Les filles, elles me suivent maman, elles me suivent.
Paradoxalement, la pièce débute en 1991, deux ans après les faits. Le récit se déroule ensuite à rebours pour revenir à cette journée du 6 décembre 1989. Cette subtilité narrative, superbement maniée par l’auteure Colleen Murphy (et par la traduction de Xavier Mailleux) met l’accent, dès le départ, sur la question du temps. Non, ça ne s’arrange pas toujours avec le temps. Non, on n’oublie pas forcément avec le temps…

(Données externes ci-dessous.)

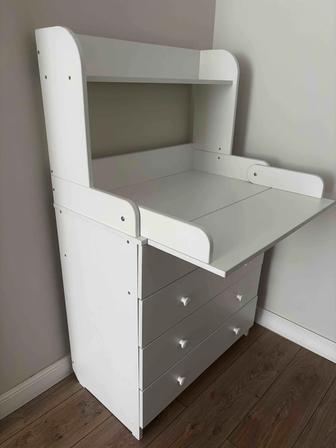 Продам комод с пеленальным столиком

Un petit salon modeste. Un couple qui s’apprête. Elle, une nouvelle robe verte. Lui, un beau costume. Elle l’aide à nouer sa cravate. Il l’étreint tendrement. « Ça va durer longtemps ? — Non, j’ai ouvert au maximum. »

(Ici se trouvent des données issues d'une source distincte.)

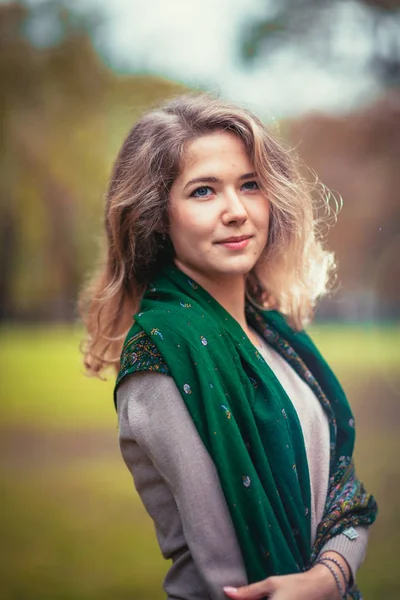 Portrait d'une jeune fille avec écharpe verte sur le fond parc d'automne — Photo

La toute première scène de la pièce témoigne de ce rapport au temps et de cette vie à jamais marquée par la catastrophe. En 1991, les parents de Jean se suicident. Bien habillés et tendrement enlacés dans leur petit salon, ils attendent que le gaz les emporte. On remonte ensuite le temps, petit à petit, pour découvrir ce qui les a menés là. Comme le souligne le metteur en scène George Lini, « [le spectateur] ne se pose pas la question habituelle : “Que va-t-il se passer ?” Il le sait. Il se pose la question : “Pourquoi cela s’est-il passé ?” »

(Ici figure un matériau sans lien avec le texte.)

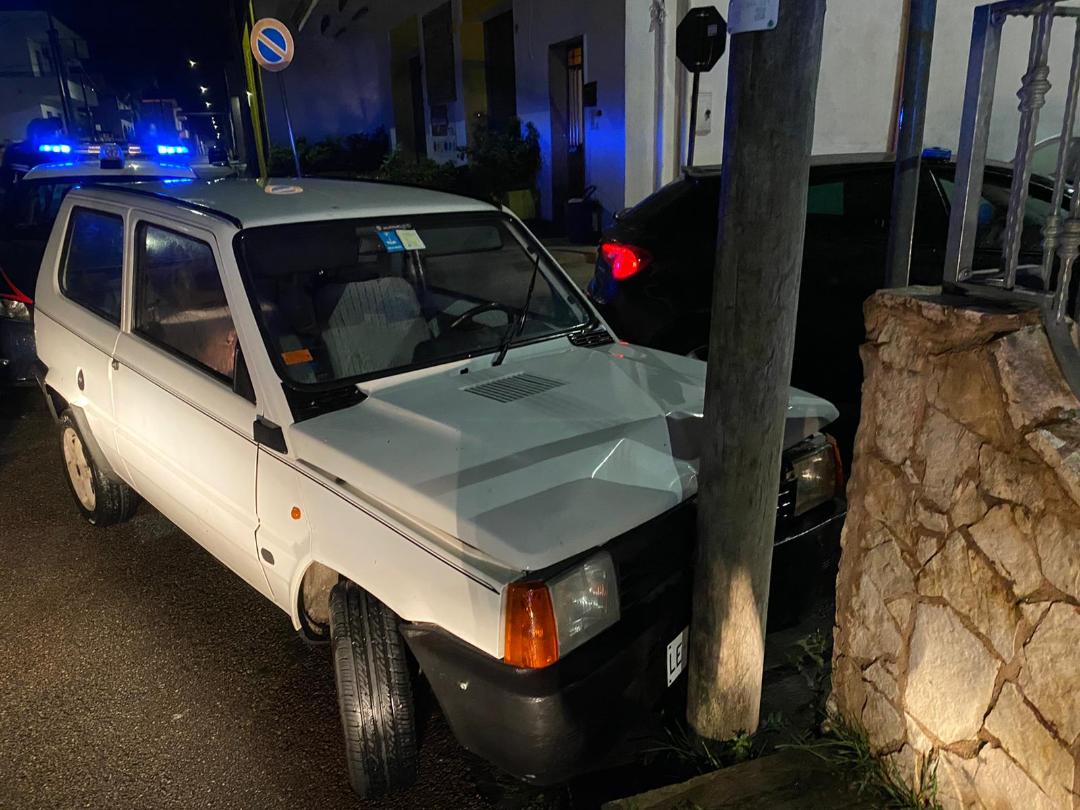 Tenta fuga a bordo di una Panda rubata, ma si schianta contro un palo ...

C’est donc là que commence l’exploration de December Man , au cœur du quotidien d’une famille touchée et même détruite par les « dommages collatéraux » de la catastrophe. Le spectateur est plongé, tout au long du spectacle, dans le salon d’une maison qui vit. Comme tout foyer, il a ses habitudes et ses ennuis : un père qui aime un peu trop le whisky ; une mère très croyante ; un projet universitaire que Jean doit terminer mais qui n’avance pas ; les discussions au sujet du sapin de Noël en décembre et de la climatisation en août, qui reviennent chaque année… L’écriture de Colleen Murphy mêle pertinemment le désespoir et les cauchemars à des situations plus drôles ou cocasses du quotidien familial. Elle reproduit la vie.
Mais quelle vie ?
Une vie qui a basculé à l’instant où un homme armé est entré à l’École polytechnique. Dans ce foyer, on cherche à comprendre, on cherche des explications mais aussi un moyen d’oublier, de se rassurer et, pour Jean, de surmonter sa culpabilité et ses cauchemars. Avec un tel texte, l’interprétation se doit d’être juste. Sophia Leboutte, Luc Van Grunderbeeck et Felix Vannoorenberghe relèvent le défi avec brio. Leur jeu est sans failles, tout au long de ce spectacle intense en émotions. Les trois personnages réagissent différemment à la situation et y survivent comme ils peuvent. L’atmosphère n’est cependant pas pesante d’un bout à l’autre du spectacle. Bien dosé entre humour et drame, le texte ne se résume pas à un apitoiement tire-larmes sur une famille brisée.
Le résultat est une pièce très sensorielle. L’écriture, la mise en scène et l’interprétation donnent un tout réaliste, qui cherche avant tout à comprendre et à faire ressentir. December Man , c’est une véritable tornade d’émotions dont on ne ressort pas tout à fait indemne.